Sugestão de Leitura

O Mercador de Veneza, de William Shakespeare

Escrita entre 1596 e 1598, a comédia trágica O Mercador de Veneza é das mais controversas peças de teatro de Shakespeare. A razão radica no seu tom profundamente antissemita que encontra plena realização numa das personagens mais inesquecíveis que tive o prazer de encontrar, o judeu Shylock. Esta foi a minha segunda incursão no maravilhoso mundo do teatro e que bem que correu.

Em Veneza, no século XVI, o jovem Bassânio pede a ajuda do amigo António, um mercador de enorme sucesso, para conseguir financiar a sua viagem a Belmonte, onde tentará desposar Porcia, uma herdeira rica. António, não dispondo da liquidez necessária, procura o judeu Shylock com quem celebra um contrato de empréstimo absurdo. Na falta do pagamento do mesmo, Shylock pode retirar, do corpo de António, meio quilo de carne. O azar acaba por bater à porta de António que, na data acordada, falha com o cumprimento da sua obrigação. Recordando uma célebre questão dos meus tempos de estudante: Quid Juris?

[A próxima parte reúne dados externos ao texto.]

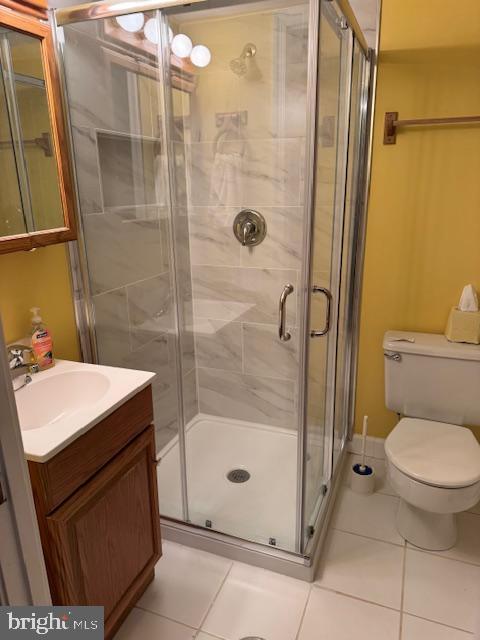 bathroom featuring a stall shower, vanity, toilet, and tile patterned floors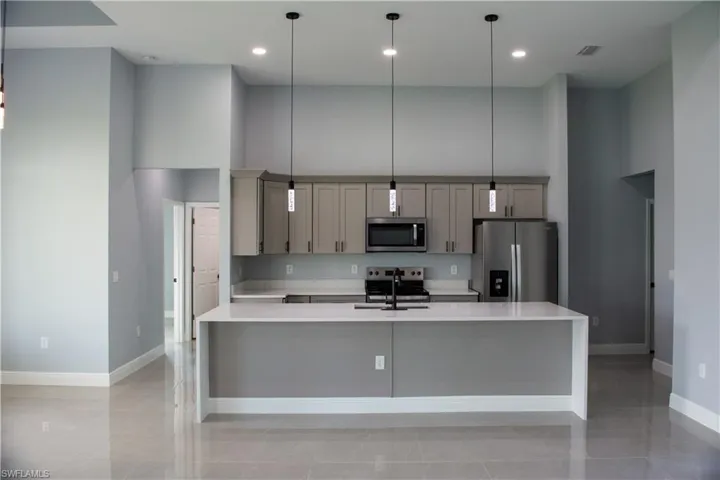 Kitchen featuring pendant lighting, a kitchen island with sink, gray cabinets, stainless steel appliances, and a high ceiling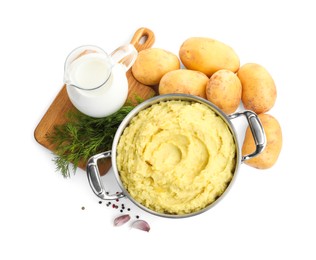 Pot of tasty mashed potatoes near ingredients on white background, top view
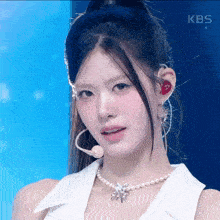 a close up of a woman 's face with the kbs logo visible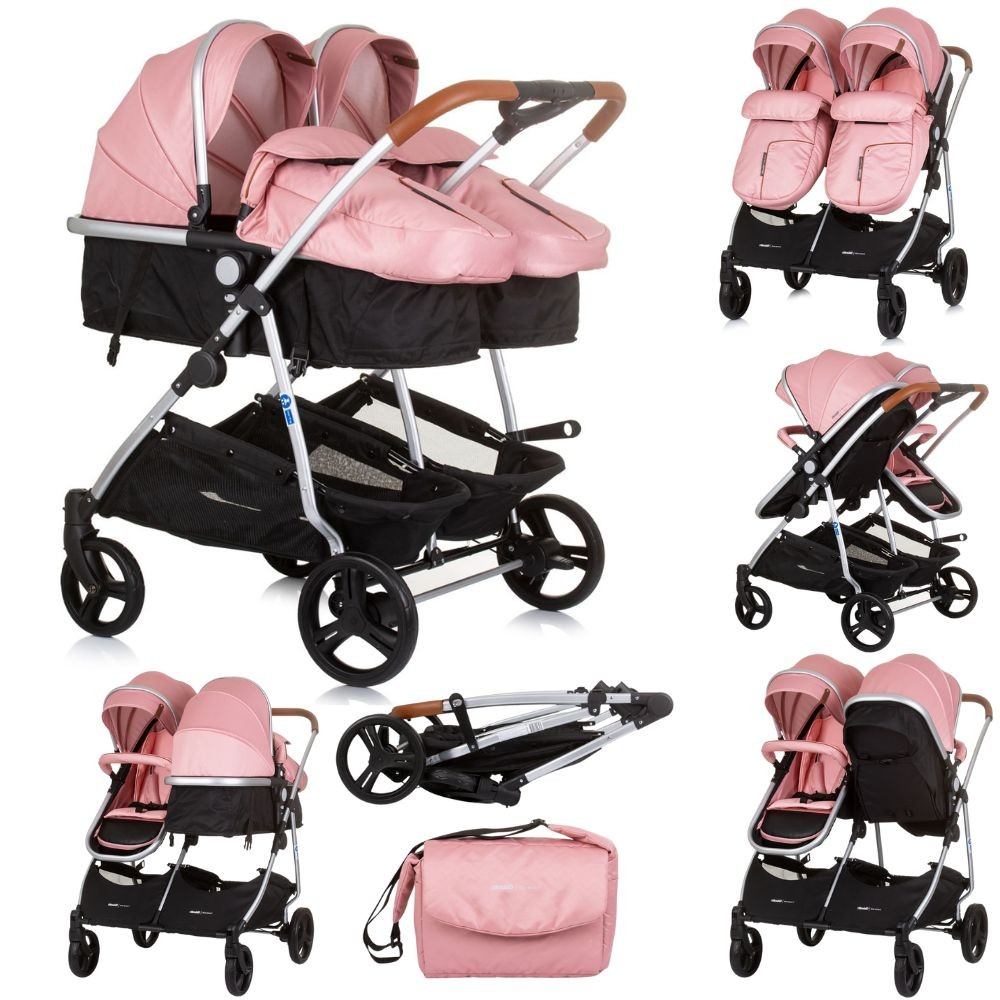 Rosa Doppelkinderwagen-Set mit zwei Sitzen. Der Kinderwagen hat schwarze Körbe und ein silbernes Gestell.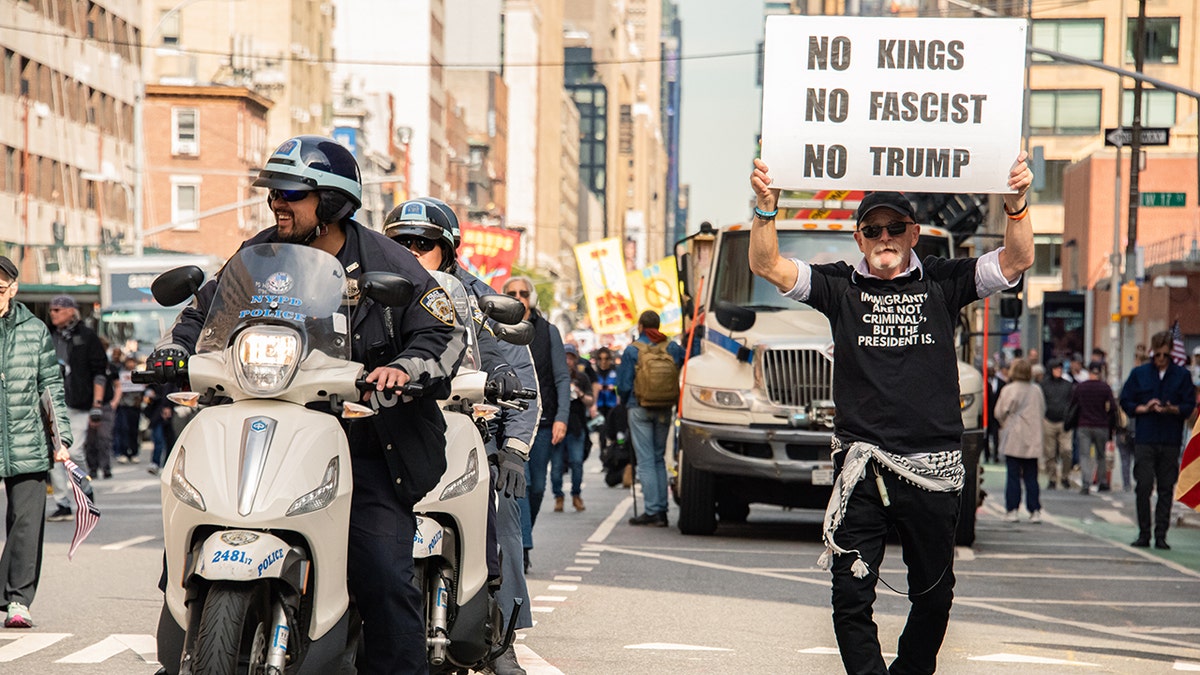 "No Kings" protestors hold signs and march in New York City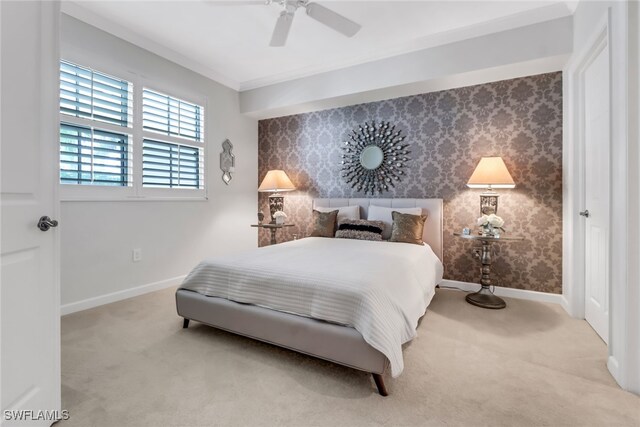 carpeted bedroom featuring ornamental molding and ceiling fan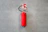 a red fire extinguisher hanging on a wall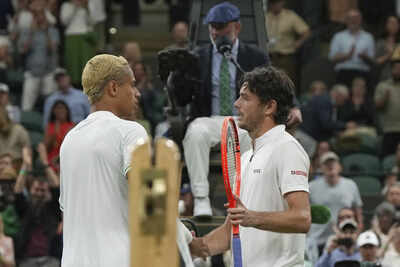 Taylor Fritz greets Gabriel Diallo after Wimbledon match.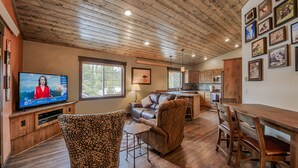 A spacious living room with a television, comfortable seating, a kitchen area, and a dining table.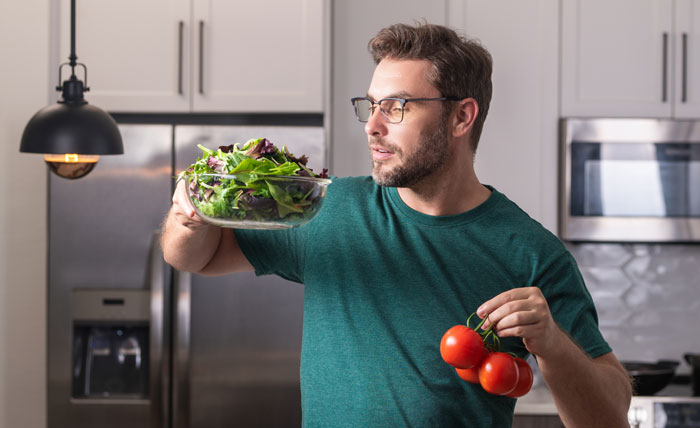 Man in glasses holding a bowl of salad and tomatoes in kitchen, reflecting on secret scale for measuring number twos. Man in glasses holding a bowl of salad and tomatoes in kitchen, reflecting on secret scale for measuring number twos.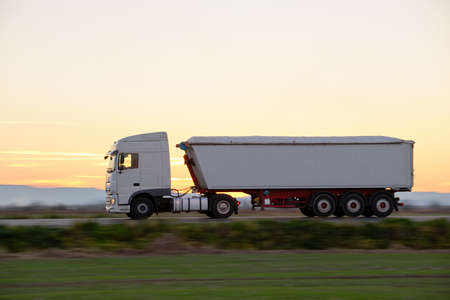 Semi-truck with tipping cargo trailer transporting sand from quarry driving on highway hauling goods in evening. Delivery transportation and logistics conceptの写真素材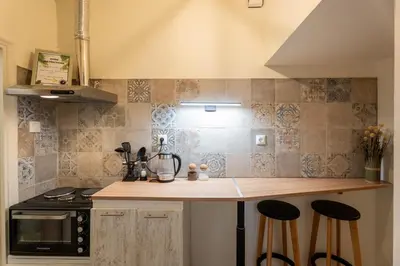 a kitchen with a counter with stools and a microwave at Elegant 2 Bedroom Apartment - near National Museum in Athens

Em O Mercador de Veneza, Shakespeare demoniza o judeu caracterizando-o como um ser detestável e avarento, mas também lhe dá a possibilidade de apresentar a sua defesa perante uma sociedade intolerante, num monólogo sentido e apaixonante:

“Bicha para peixe; se não alimentar mais nada, alimenta a minha vingança. Prejudica-me, impede-me de embolsar um bom meio milhão, ri-se das minhas perdas, troça dos meus ganhos, escarnece da minha nação, frustra-me negócios, arrefece-me os amigos, inflama-me os inimigos – e que razões tem ele? Sou judeu. Não tem um judeu olhos? Não tem um judeu mãos, órgãos, membros, sentidos, afectos, paixões? Não come a mesma comida, não o ferem as mesmas armas, não está sujeito às mesmas doenças, não o curam os mesmos remédios, não o aquece e o arrefece o mesmo inverno e o mesmo versão do cristão? Se nos espetardes, não sangramos? Se nos fizerdes cócegas, não rimos? Se nos envenenardes, não morremos? E se nos ultrajarmos, não nos devemos vingar? Se somos como vós em tudo o mais, como vós seremos também nisso. Se um judeu ultraja um cristão, que mansidão é a dele? Vingança. Se um cristão ultraja um judeu, que longanimidade deve ser a dele a avaliar pelo exemplo cristão? Ora, vingança! A vilania que me ensinais eu hei-de executá-la, e asseguro-vos que em matéria de execução o discípulo há-de superar o mestre.”

Ato III, Cena I

Na verdade, Shylock acaba por se tornar na grande personagem da peça, oferecendo profundidade e complexidade. À sua volta, os restantes vão gravitando e tentando encontrar a solução para a execução do contrato. Numa primeira linha narrativa, Bassânio parte para Belmonte com o objetivo de desposar Pórcia. Esta aguarda pelo pretendente que vai conseguir resolver a charada deixada pelo seu falecido pai e, com isso, levá-la ao altar. Simultaneamente, Jessica, filha de Shylock, tenta viver o seu amor proibido com Lancelote, cristão. Por último, António, que se endividou para ajudar o amigo Bassânio, tenta cumprir o seu compromisso por Shylock, que está mais interessado em se vingar-se pelo injusto tratamento que tem recebido ao longo dos anos. Tudo culmina num genial julgamento onde o leitor se delicia com a solução dada a toda a querela. O diabo está nos detalhes, mas Shakespeare nada teme. Afinal, conseguiu agradar a crentes e descrentes. A leitura causa algum melindre na medida em que o cristão nos é apresentado como um ser reto e bondoso ao passo que o judeu é vil e ganancioso. A esse respeito, é importante atender à altura em que esta foi escrita. Os judeus haviam sido expulsos de Inglaterra e era frequente a sua representação no teatro com recurso a máscaras hediondas e acusações de perfídia. A moralidade e contextualização da peça era diferente e deve ser atendida. Por outro lado, a forma como Shylock é construído gera empatia, o que me leva a questionar se, de alguma forma, Shakespeare não estava, na verdade, a provar um ponto de vista contrário. O judeu respira e vinga, tal como o cristão. Ainda que, no final, seja este último o percursor público do bem.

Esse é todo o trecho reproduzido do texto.